L’episodio aveva scosso gli oltre 1.200 allievi e i loro insegnanti della ‘Comme’, dove il ragazzo frequentava il terzo anno. Tanto più che veniva descritto come uno studente eccellente, attivo e disciplinato. Solo negli ultimi tempi sarebbe parso incupito e chiuso in se stesso. Oltre alla foto armato e ai messaggi su Snapchat – un’app i cui testi si cancellano da soli dopo 24 ore dall’invio – condivideva su Twitter post dei gruppi pro-armi americani: in uno si affianca Barack Obama ad Adolf Hitler tra i presunti nemici del secondo emendamento, quello secondo il quale “il diritto dei cittadini di detenere e portare armi non potrà essere infranto”. L’altra sua grande passione pare essere il football americano: è dei mitici Las Vegas Raiders la spilla che si vede nella famosa foto col kalashnikov.
Ma uno che vuole fare una strage, davvero lo annuncia prima alle sue vittime?
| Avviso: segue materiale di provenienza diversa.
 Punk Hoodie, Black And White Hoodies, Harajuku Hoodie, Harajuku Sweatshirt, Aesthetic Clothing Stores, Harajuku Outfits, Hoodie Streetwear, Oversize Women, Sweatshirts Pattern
Oppure il suo era solo “un grido d’aiuto”, come ha ipotizzato un compagno di scuola? “Non volevo compiere una strage”, ha sostenuto fin da subito l’imputato. E se lo stock di armi lascia pensare a una pianificazione a mente fredda, la perizia psichiatrica di fine 2018 parla invece di scemata responsabilità: ad annebbiare la mente del giovane, in particolare, sarebbe stato l’odio verso se stesso. Secondo gli inquirenti, in ogni caso, l’intenzione omicida non riguardava qualcuno in particolare: il rischio era che uccidesse chiunque si fosse trovato a tiro. Oggi si attende un aggiornamento circa il suo stato di salute mentale.
Al giudice presidente Mauro Ermani, ai colleghi Manuel Borla e Aurelio Facchi e agli assessori giurati spetterà anche chiarire come sia stato possibile accumulare un tale arsenale. Ai dubbi formulati in sede politica circa il facile accesso alle armi, il Consiglio di Stato ha sempre risposto che alcune armi non necessitavano di particolari autorizzazioni, che gli acquisti effettuati in Svizzera apparivano regolarmente controllati e che la legge è già “sufficientemente restrittiva”. Resterà da capire se altri acquisti siano stati effettuati illegalmente, e come.
A difendere l’imputato è l’avvocato Luigi Mattei, mentre la pubblica accusa spetta al procuratore Arturo Garzoni, che ha ereditato il faldone dal pensionato Antonio Perugini.